◆ **DATA PROVIDED**
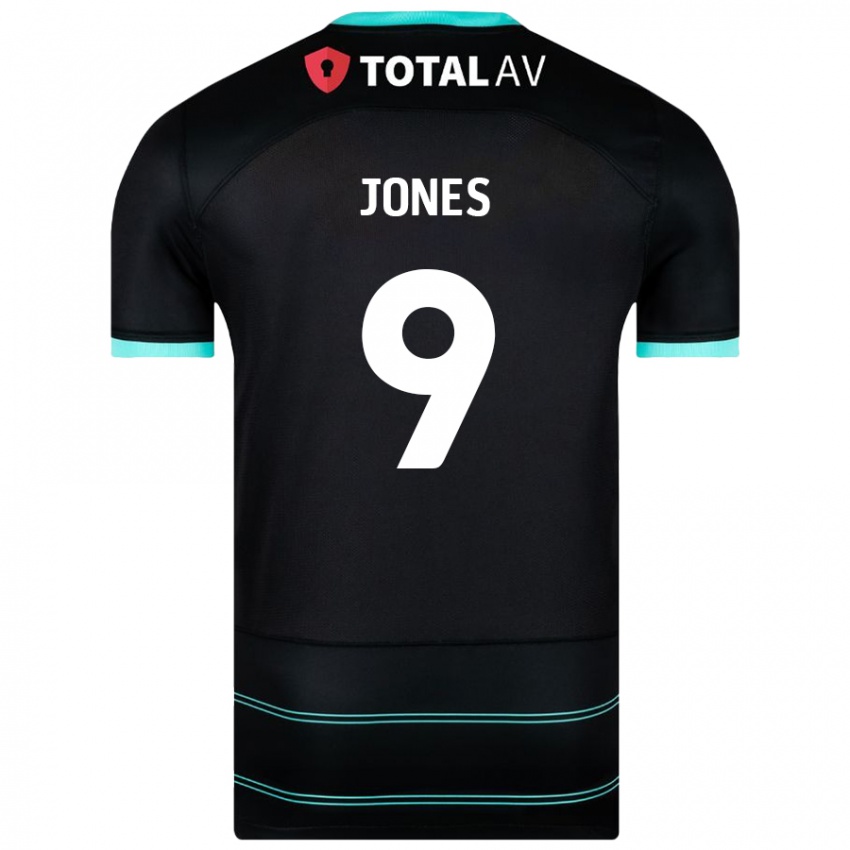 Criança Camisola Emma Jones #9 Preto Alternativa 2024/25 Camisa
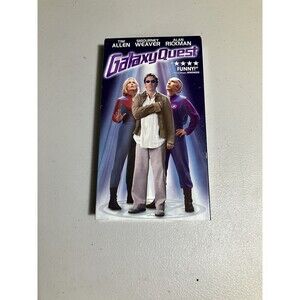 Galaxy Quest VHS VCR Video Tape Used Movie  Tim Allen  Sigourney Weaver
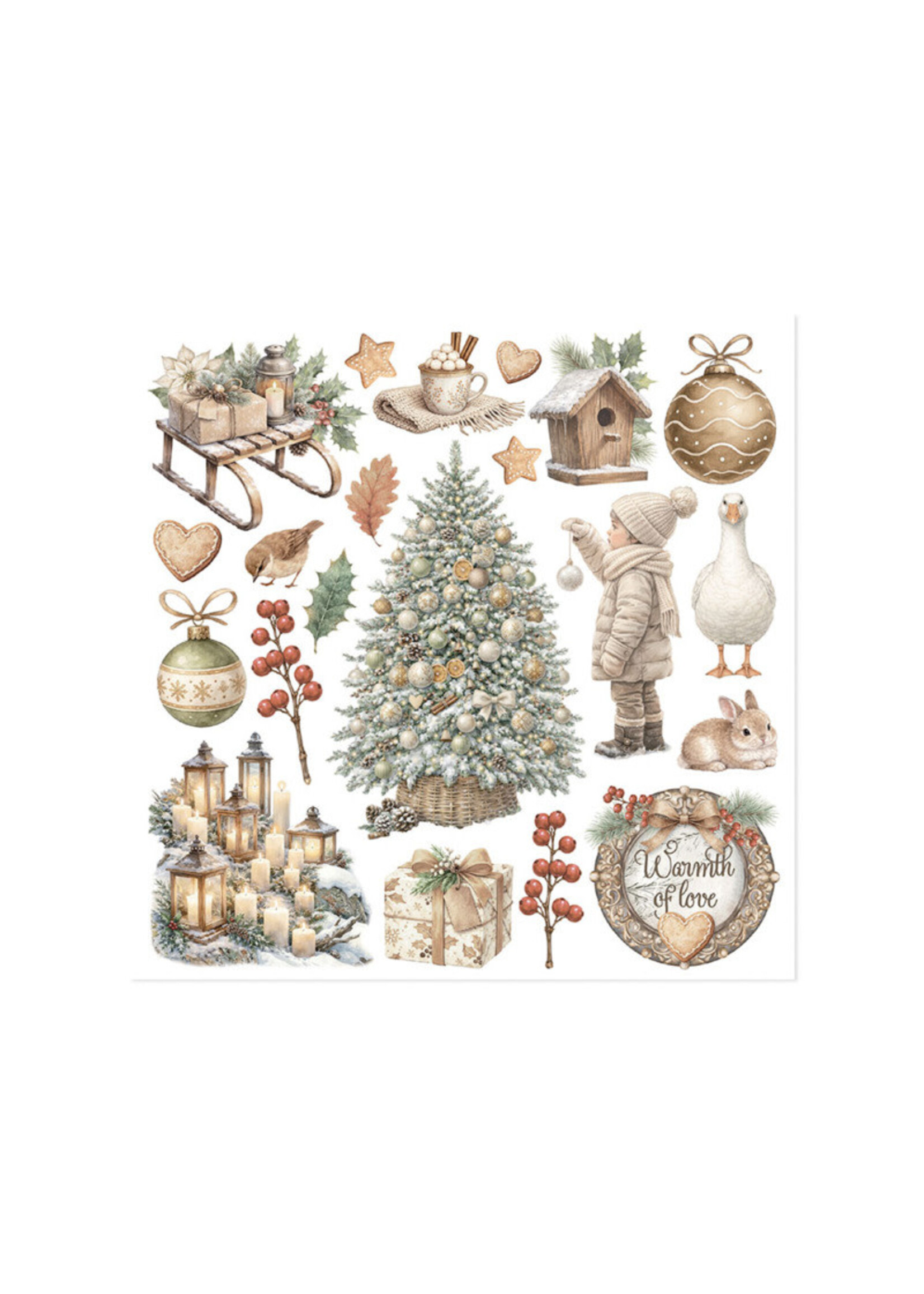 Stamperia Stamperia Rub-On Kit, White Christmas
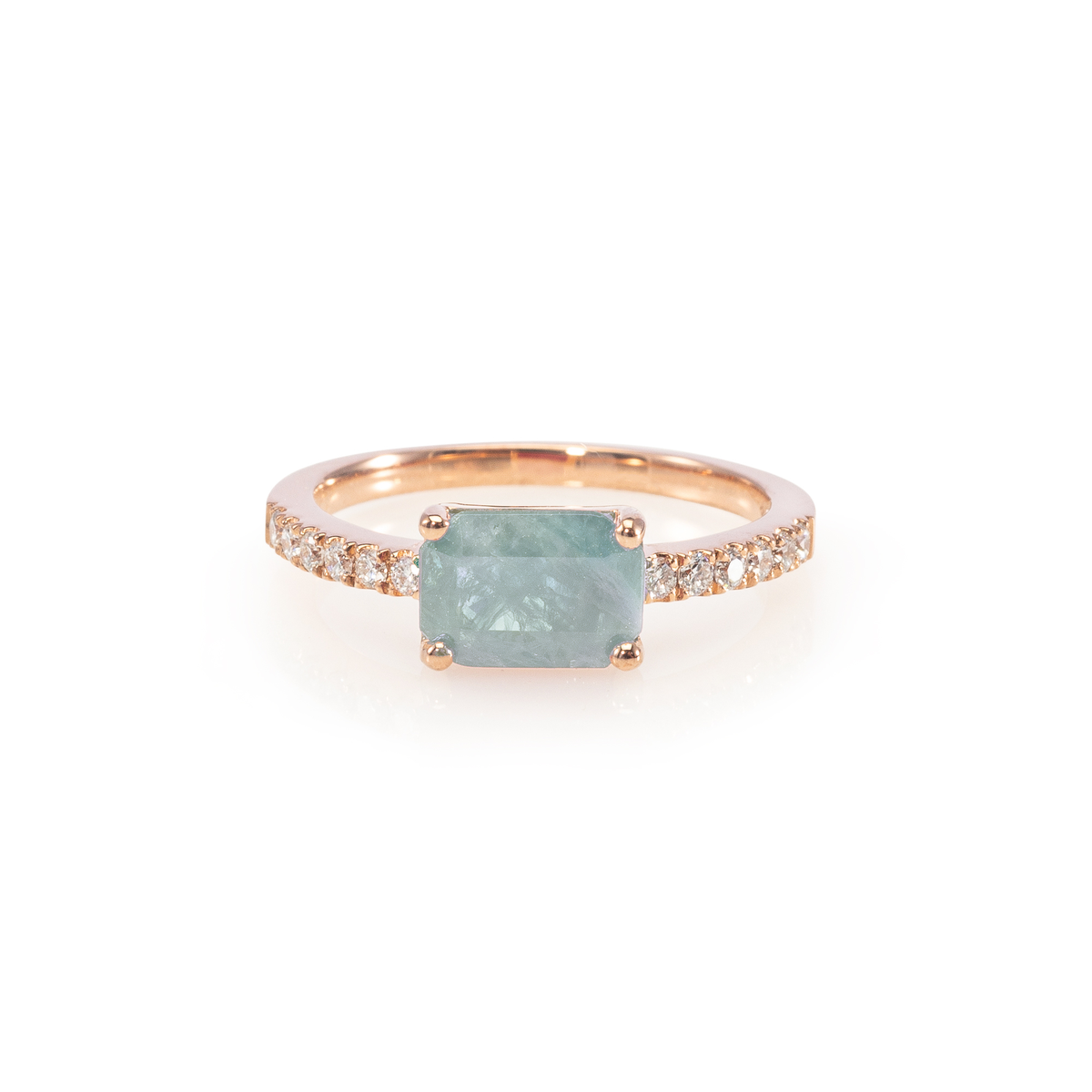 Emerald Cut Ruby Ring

◆ **WHAT IS NEEDED**
Leaving out only the pictures, return the material above unchanged.

◆ **EXERCISE ANSWER**
 Criança Camisola Emma Jones #9 Preto Alternativa 2024/25 Camisa
 Galaxy Quest VHS VCR Video Tape Used Movie  Tim Allen  Sigourney Weaver
 Stamperia Stamperia Rub-On Kit, White Christmas
 Emerald Cut Ruby Ring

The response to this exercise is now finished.